#### ASSIGNMENT
Below is a set of records. Repeat all of them exactly.

#### GIVEN DATA
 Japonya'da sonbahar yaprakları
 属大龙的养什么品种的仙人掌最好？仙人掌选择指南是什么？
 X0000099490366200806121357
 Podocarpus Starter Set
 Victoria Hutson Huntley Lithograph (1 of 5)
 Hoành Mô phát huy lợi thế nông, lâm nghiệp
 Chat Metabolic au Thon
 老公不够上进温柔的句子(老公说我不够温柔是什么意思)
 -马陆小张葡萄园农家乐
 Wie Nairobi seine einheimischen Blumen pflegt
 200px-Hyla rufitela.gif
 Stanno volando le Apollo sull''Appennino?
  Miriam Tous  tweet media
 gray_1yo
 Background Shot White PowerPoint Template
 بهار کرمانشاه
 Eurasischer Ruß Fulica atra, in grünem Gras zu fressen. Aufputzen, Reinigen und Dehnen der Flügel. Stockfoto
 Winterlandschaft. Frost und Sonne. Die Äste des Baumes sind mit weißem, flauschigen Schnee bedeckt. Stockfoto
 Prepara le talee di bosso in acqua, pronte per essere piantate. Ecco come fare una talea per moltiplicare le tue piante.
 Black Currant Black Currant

#### ANSWER TO THIS PROBLEM
 Japonya'da sonbahar yaprakları
 属大龙的养什么品种的仙人掌最好？仙人掌选择指南是什么？
 X0000099490366200806121357
 Podocarpus Starter Set
 Victoria Hutson Huntley Lithograph (1 of 5)
 Hoành Mô phát huy lợi thế nông, lâm nghiệp
 Chat Metabolic au Thon
 老公不够上进温柔的句子(老公说我不够温柔是什么意思)
 -马陆小张葡萄园农家乐
 Wie Nairobi seine einheimischen Blumen pflegt
 200px-Hyla rufitela.gif
 Stanno volando le Apollo sull''Appennino?
  Miriam Tous  tweet media
 gray_1yo
 Background Shot White PowerPoint Template
 بهار کرمانشاه
 Eurasischer Ruß Fulica atra, in grünem Gras zu fressen. Aufputzen, Reinigen und Dehnen der Flügel. Stockfoto
 Winterlandschaft. Frost und Sonne. Die Äste des Baumes sind mit weißem, flauschigen Schnee bedeckt. Stockfoto
 Prepara le talee di bosso in acqua, pronte per essere piantate. Ecco come fare una talea per moltiplicare le tue piante.
 Black Currant Black Currant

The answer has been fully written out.